▶ _About this exercise_
Exact wording is required: give all the records again, minus the pictures.

▶ _Data for review_
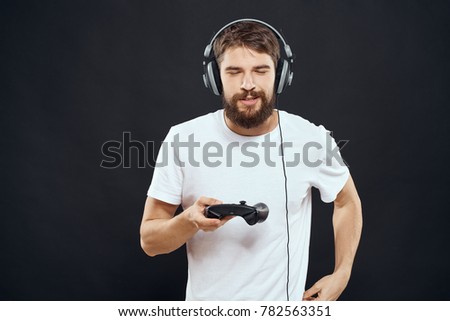 man in headphones with joystick on black background                               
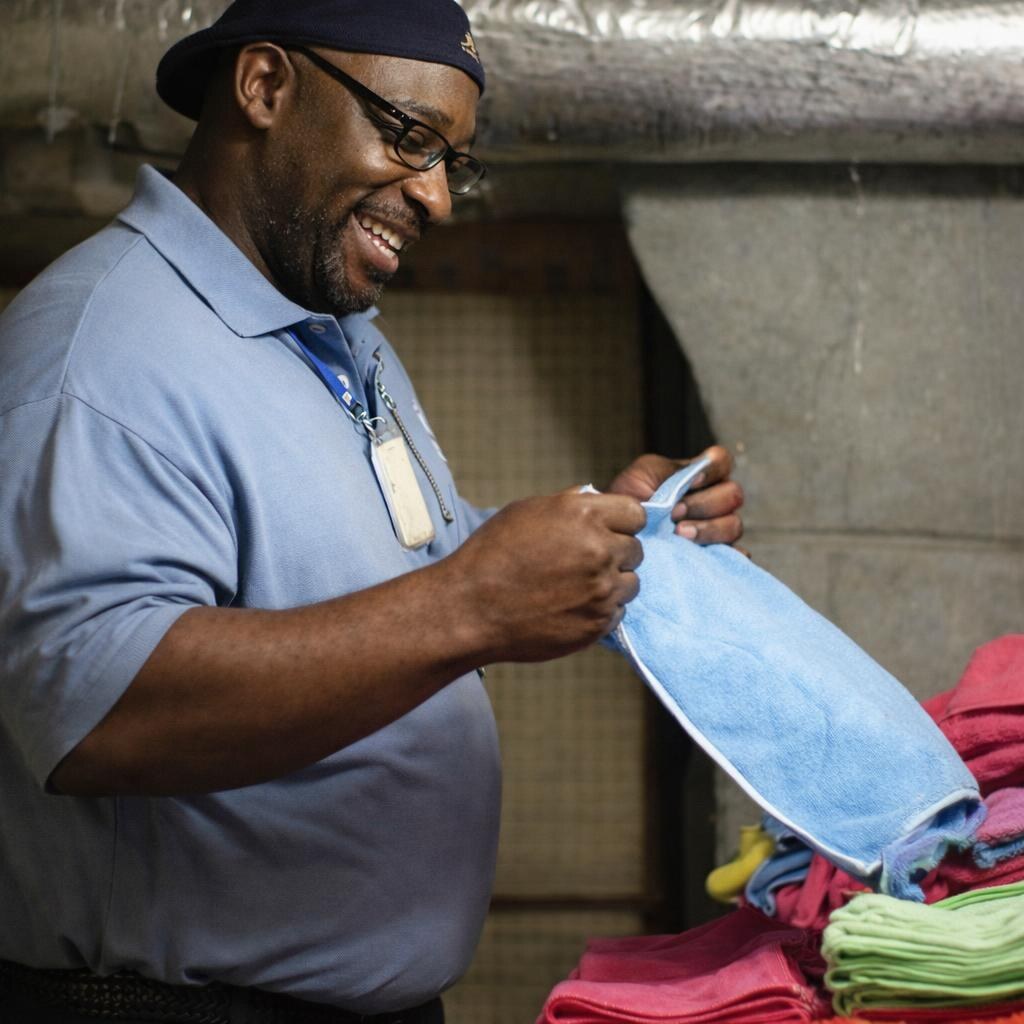 Photo of a man folding clothes.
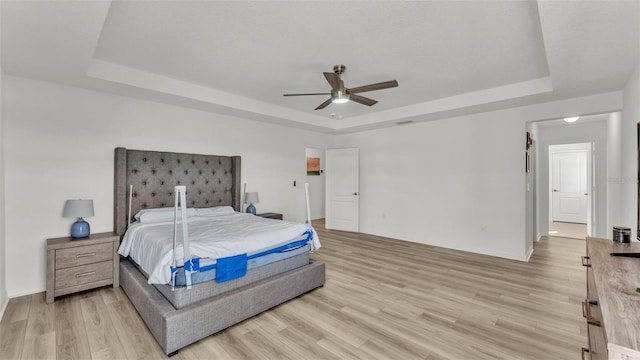 bedroom featuring a raised ceiling, light wood-type flooring, baseboards, and ceiling fan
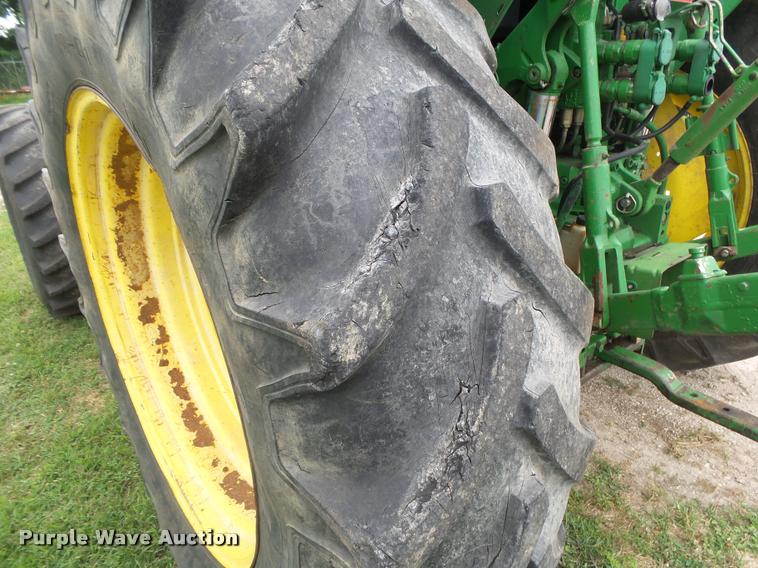 image for item DA2749 2002 John Deere 6420 MFWD tractor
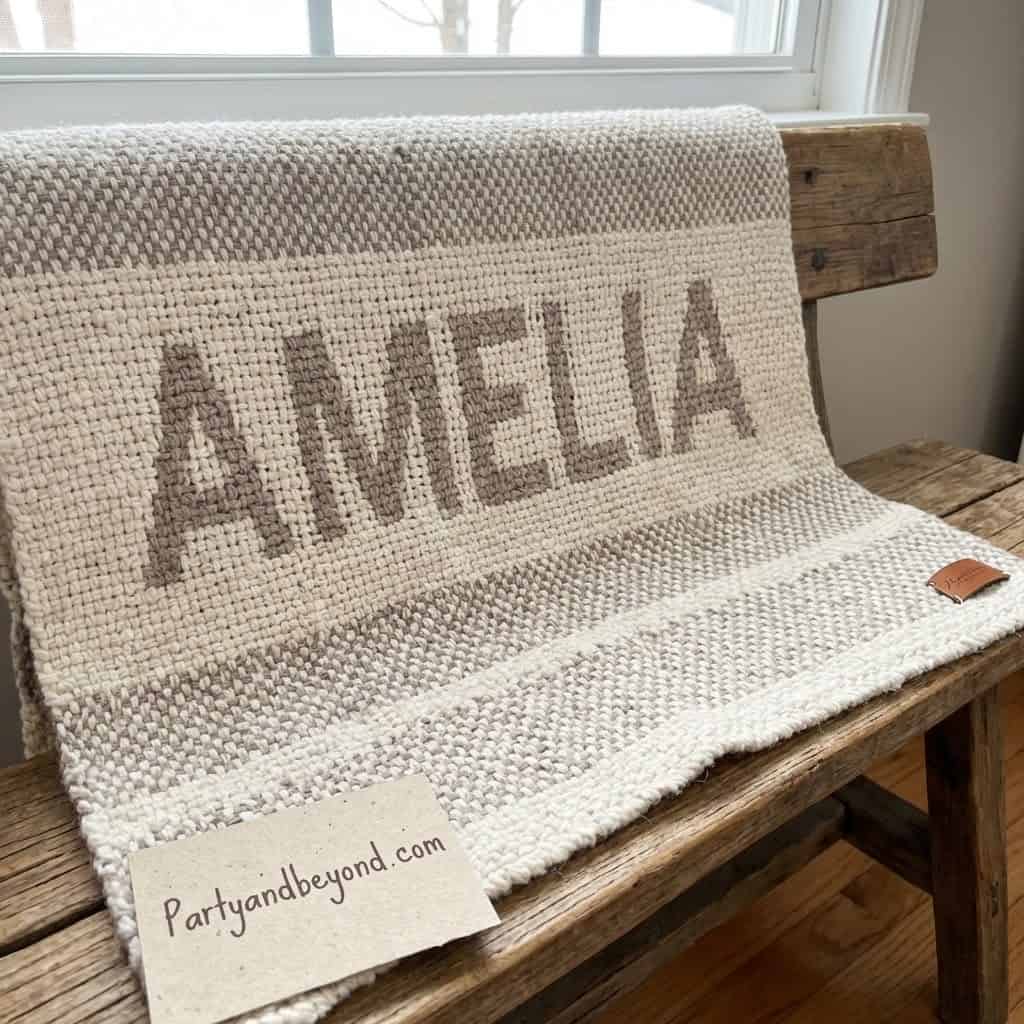 Personalized blanket with "Amelia" for Sweet 16 gift.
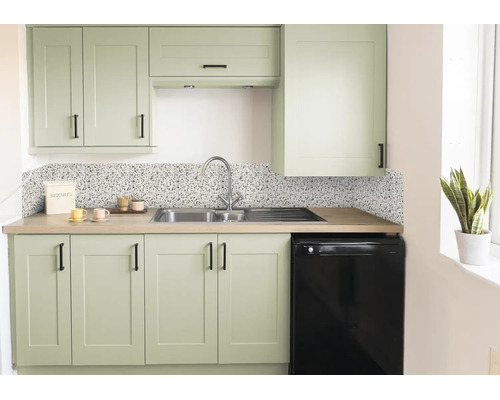 Moderne keuken met saliegroene kasten, zwarte handgrepen, keukenachterwand in terrazzo-look, roestvrijstalen spoelbak en werkblad in houtlook.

▶ _Solution to this problem_
 man in headphones with joystick on black background                               
 Photo of a man folding clothes.
 bedroom featuring a raised ceiling, light wood-type flooring, baseboards, and ceiling fan
 image for item DA2749 2002 John Deere 6420 MFWD tractor
 Personalized blanket with "Amelia" for Sweet 16 gift.
 Moderne keuken met saliegroene kasten, zwarte handgrepen, keukenachterwand in terrazzo-look, roestvrijstalen spoelbak en werkblad in houtlook.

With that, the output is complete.